Material provided:

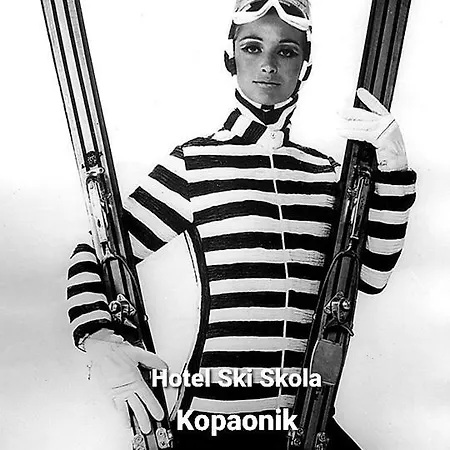 Dunja -ski Skola Kopaonik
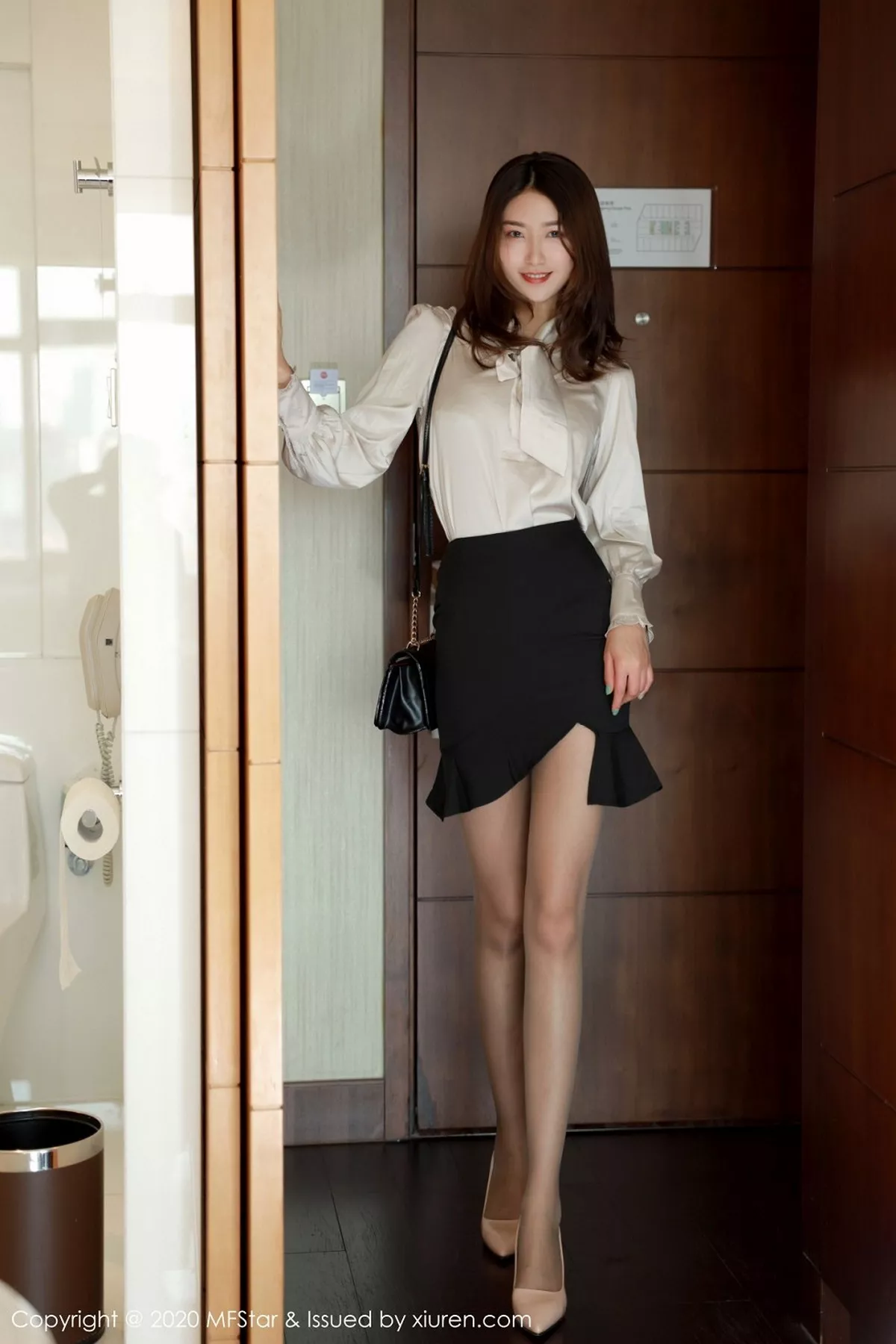 图片[8]-[MFStar模范学院]第328期方子萱写真-秀人资源网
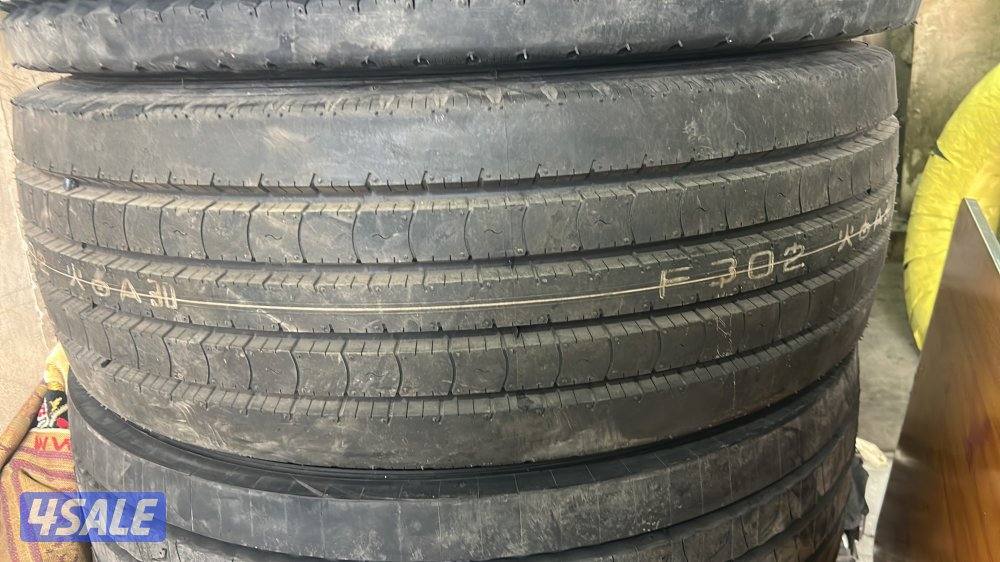 تواير شاحنات جميع المقاسات15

What you are asked to do: Please give every line above again word for word, apart from the pictures.

Solution for this problem:
 Dunja -ski Skola Kopaonik
 图片[8]-[MFStar模范学院]第328期方子萱写真-秀人资源网
 تواير شاحنات جميع المقاسات15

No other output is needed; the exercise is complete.